“Don’t fight the culture. The culture will always win.” These words stuck with me after my on-site orientation in Buenos Aires, Argentina. At my pre-departure meeting back in the U.S., past travelers reminded us about safety and cultural differences. Women specifically were advised to avoid smiling or making eye contact with men in the street, as these acts might be interpreted as sexual interest. I was forewarned by many a guidebook and travel blog to ignore the onslaught of catcalls I would hear, which are blamed on machismo culture.
Since I have been known to accidentally smile at strangers in airports as well sassily snap retorts at people shouting at my group of friends on Del Playa Drive, I took a series of deep breaths and prepared myself for a challenge.

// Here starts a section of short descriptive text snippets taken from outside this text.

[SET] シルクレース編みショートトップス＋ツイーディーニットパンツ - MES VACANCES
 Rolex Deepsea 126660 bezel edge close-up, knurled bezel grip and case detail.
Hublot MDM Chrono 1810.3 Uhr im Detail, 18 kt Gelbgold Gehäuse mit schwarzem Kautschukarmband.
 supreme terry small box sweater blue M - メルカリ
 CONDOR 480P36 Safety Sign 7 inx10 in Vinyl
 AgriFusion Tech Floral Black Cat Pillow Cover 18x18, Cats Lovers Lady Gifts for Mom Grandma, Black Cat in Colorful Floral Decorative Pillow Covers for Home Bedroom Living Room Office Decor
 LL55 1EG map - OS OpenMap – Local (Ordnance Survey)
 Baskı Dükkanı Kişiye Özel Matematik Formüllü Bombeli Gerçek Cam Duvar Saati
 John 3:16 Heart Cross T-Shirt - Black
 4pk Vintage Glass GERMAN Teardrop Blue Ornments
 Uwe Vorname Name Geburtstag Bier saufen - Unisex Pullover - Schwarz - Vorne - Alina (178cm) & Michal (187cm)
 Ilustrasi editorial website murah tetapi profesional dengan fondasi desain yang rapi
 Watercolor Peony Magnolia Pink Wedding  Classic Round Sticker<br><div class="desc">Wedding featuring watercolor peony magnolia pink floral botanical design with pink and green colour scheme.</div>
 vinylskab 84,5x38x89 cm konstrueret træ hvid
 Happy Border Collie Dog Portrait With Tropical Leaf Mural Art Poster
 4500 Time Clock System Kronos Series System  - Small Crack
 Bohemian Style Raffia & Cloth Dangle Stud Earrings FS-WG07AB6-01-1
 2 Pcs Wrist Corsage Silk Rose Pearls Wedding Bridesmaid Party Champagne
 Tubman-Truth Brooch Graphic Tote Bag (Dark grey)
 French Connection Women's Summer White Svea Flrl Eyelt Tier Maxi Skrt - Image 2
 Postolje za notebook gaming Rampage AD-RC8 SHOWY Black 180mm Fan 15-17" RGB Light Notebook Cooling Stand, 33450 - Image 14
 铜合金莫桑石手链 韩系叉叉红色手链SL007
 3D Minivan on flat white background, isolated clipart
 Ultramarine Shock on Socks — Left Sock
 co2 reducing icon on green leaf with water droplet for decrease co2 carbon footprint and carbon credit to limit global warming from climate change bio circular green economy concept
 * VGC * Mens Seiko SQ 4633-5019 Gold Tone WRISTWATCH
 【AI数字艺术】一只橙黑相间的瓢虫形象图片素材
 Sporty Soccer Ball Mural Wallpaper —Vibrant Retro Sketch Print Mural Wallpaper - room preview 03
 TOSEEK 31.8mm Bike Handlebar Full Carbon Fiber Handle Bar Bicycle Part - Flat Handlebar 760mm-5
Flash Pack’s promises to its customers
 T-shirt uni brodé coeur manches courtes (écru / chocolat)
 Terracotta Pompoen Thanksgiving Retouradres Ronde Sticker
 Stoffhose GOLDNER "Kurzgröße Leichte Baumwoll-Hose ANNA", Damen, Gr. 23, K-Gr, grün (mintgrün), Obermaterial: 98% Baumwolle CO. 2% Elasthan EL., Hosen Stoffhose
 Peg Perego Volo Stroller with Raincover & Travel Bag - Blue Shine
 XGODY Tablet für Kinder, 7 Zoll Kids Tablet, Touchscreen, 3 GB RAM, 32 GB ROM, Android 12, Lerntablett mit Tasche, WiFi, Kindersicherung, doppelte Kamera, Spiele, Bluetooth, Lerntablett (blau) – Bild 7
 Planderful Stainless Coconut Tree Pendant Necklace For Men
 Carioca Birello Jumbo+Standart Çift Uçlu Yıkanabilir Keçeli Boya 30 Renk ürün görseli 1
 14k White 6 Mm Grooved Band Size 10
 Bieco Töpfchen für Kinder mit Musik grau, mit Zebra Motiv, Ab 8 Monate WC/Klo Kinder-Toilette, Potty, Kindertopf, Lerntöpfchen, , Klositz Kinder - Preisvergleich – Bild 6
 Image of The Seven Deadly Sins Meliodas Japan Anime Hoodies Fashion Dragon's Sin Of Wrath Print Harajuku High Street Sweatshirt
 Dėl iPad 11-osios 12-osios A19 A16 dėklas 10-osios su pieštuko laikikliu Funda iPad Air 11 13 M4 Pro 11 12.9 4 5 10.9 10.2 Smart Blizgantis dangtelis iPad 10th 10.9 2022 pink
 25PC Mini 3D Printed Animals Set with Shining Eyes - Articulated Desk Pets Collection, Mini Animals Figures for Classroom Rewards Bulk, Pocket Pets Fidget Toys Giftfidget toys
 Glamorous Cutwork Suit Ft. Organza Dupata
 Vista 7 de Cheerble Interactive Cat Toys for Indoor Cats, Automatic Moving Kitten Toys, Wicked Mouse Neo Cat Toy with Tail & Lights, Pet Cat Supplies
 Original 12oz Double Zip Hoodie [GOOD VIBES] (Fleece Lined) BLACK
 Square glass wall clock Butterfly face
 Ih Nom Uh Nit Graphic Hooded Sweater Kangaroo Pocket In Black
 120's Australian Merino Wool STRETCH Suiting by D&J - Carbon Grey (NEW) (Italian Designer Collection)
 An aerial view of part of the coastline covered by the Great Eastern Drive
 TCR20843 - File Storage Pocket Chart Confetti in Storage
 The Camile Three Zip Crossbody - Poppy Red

I’ve now spent four weeks here in Buenos Aires and the catcalling does not disappoint. It’s as if the men on the street feel it’s rude not to comment on girls as they pass by. As my housemate and I moved through a busy crowd near a bus stop, every single one of the men in a long line of workers made a comment as they squeezed past us, carrying boxes of supplies above the crowd. They were practically bored afterthoughts, comments out of habit made mandatory since opting out would have thrown off the rhythm of the group.
I had prepared myself to deflect these catcalls with indifference and avoid stubbornly speaking out about microaggressions that women face every day. But once I was here in this culture that was supposed to surprise me with its objectification, I suddenly didn’t feel the need to give anyone a dirty look for yelling at me the way I did back at home.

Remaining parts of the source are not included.